CA Paris, Pôle 5 ch. 4, 26 avril 2017, n° 14-21183
PARIS
Arrêt
Infirmation partielle
PARTIES
Demandeur :
Autobella (SARL)
Défendeur :
Zerrak
COMPOSITION DE LA JURIDICTION
Président :
Mme Luc
Conseillers :
Mme Mouthon Vidilles, M. Thomas
Avocats :
Mes Bouzidi-Fabre, Fournier, Chenard
FAITS ET PROCÉDURE
La SARL Autobella, qui exerce une activité de lavage écologique à sec de véhicules automobiles, a développé un réseau de franchise et a conclu avec la société Lavage Net Top Auto, le 1er avril 2007, un contrat de franchise d'une durée d'un an renouvelable chaque année, pour l'exploitation d'une activité de lavage à sec de véhicules sur le parking du centre commercial d'Écully.
Le 27 janvier 2010, la société Lavage Net Top Auto a cédé son contrat de franchise avec effet au 1er février 2010 à M. Zerrak, avec l'agrément du franchiseur, la société Autobella.

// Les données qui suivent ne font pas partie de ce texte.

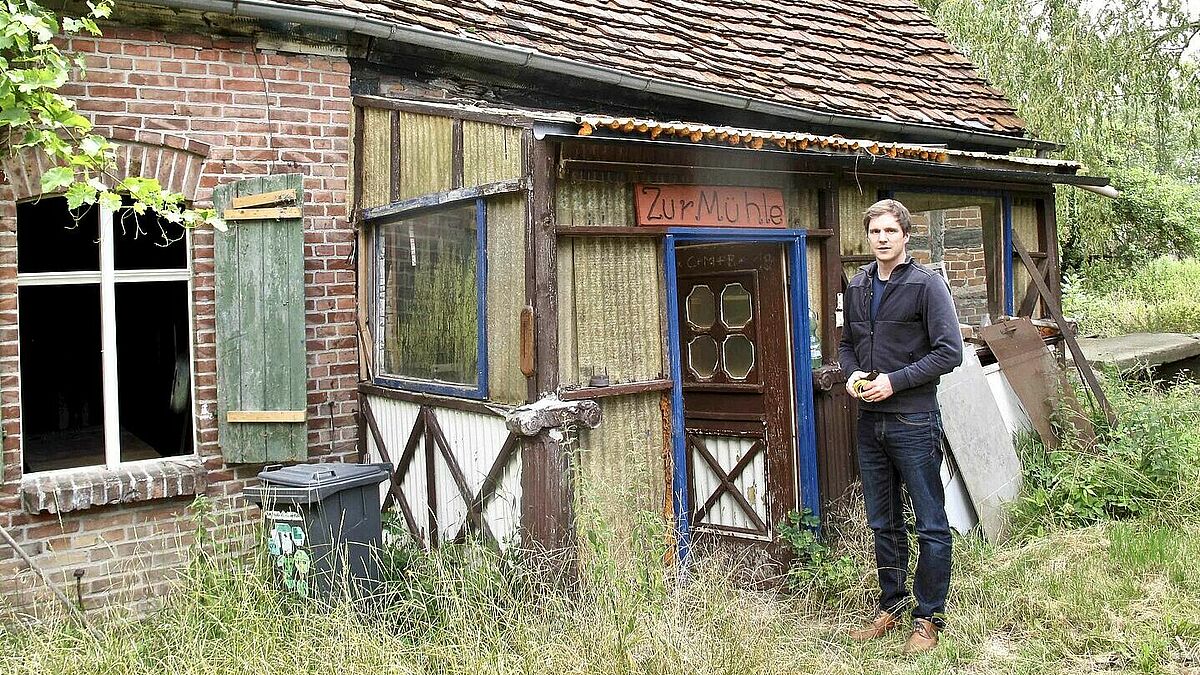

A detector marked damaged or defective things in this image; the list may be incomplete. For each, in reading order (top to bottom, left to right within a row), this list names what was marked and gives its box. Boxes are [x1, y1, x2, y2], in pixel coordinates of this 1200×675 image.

broken window [16, 198, 193, 472]
broken window [378, 198, 486, 396]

L'acte de cession, signé par les trois parties, a emporté transfert des droits et obligations attachés au contrat de franchise du 1er avril 2007 à M. Zerrak.

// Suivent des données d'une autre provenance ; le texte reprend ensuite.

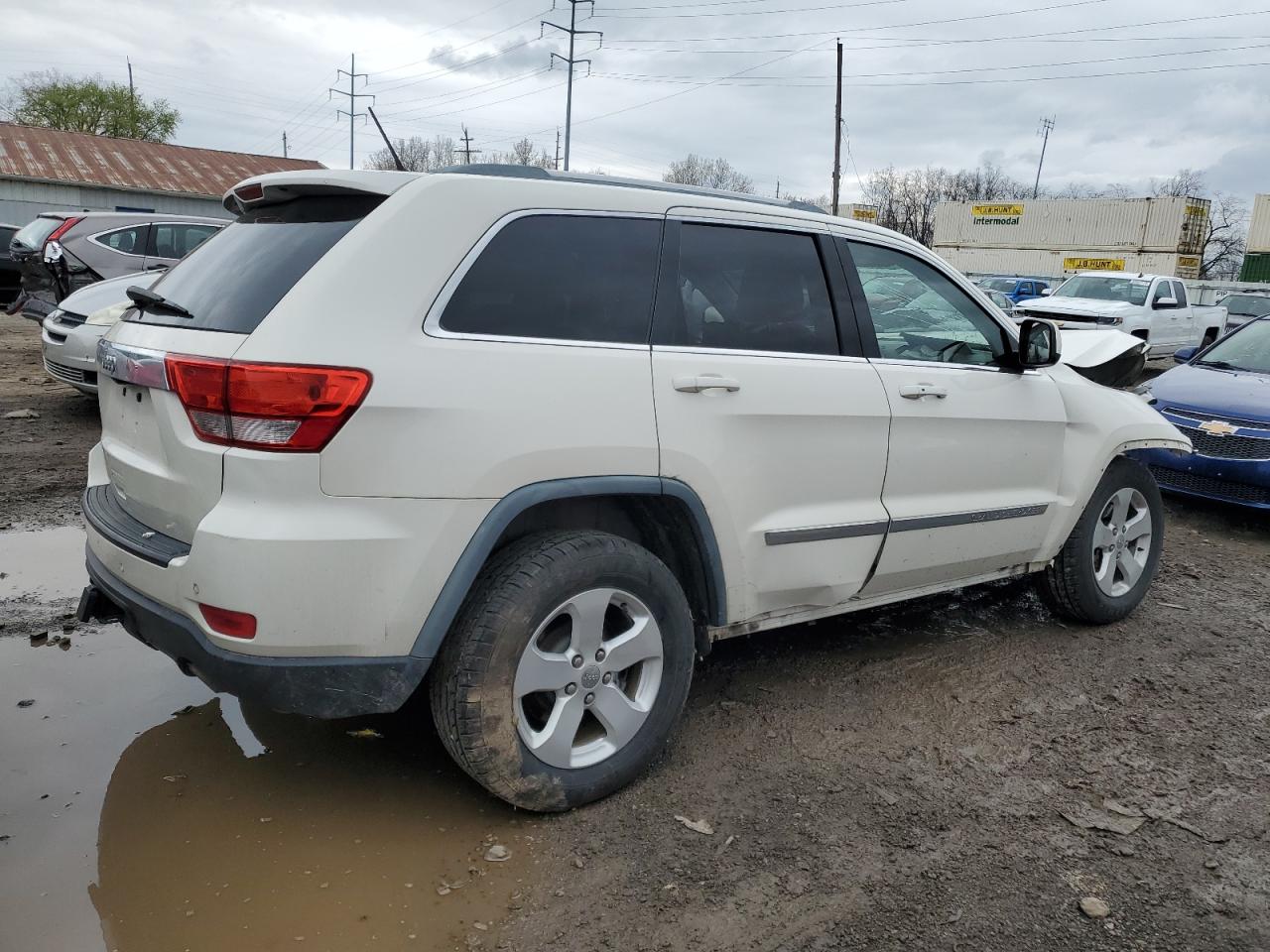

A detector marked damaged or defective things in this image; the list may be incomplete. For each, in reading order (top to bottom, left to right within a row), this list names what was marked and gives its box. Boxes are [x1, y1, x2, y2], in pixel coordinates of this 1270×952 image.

À compter du mois de septembre 2010, M. Zerrak a cessé de payer à la société Autobella ses redevances de franchise ainsi que diverses factures de fournitures.
Le contrat de franchise s'est poursuivi entre le 1er février 2010 et le 31 janvier 2011, date au-delà de laquelle le contrat n'a pas été renouvelé entre les parties.
Le 10 mai 2011, la société Autobella a mis en demeure M. Zerrak de s'acquitter de la somme de 2 136,04 euros due au titre de factures impayées au 31 mars 2011.
Par lettre du 20 mai 2011, M. Zerrak a refusé de payer les sommes dues, contestant sa qualité de franchisé de la société Autobella.
Le 5 avril 2012, le Président du Tribunal de commerce de Lyon a désigné un huissier afin de procéder à toutes les constatations nécessaires, à l'intérieur et à l'extérieur du centre de lavage, relatives à l'utilisation de l'enseigne et de la marque Autobella, photographier les utilisations de la marque ou de l'enseigne éventuellement préalablement constatées et procéder à toutes constatations nécessaires à l'intérieur du centre de lavage, relatives aux produits utilisés. Un procès-verbal de constat d'huissier a été signifié à la société Autobella le 17 avril 2012.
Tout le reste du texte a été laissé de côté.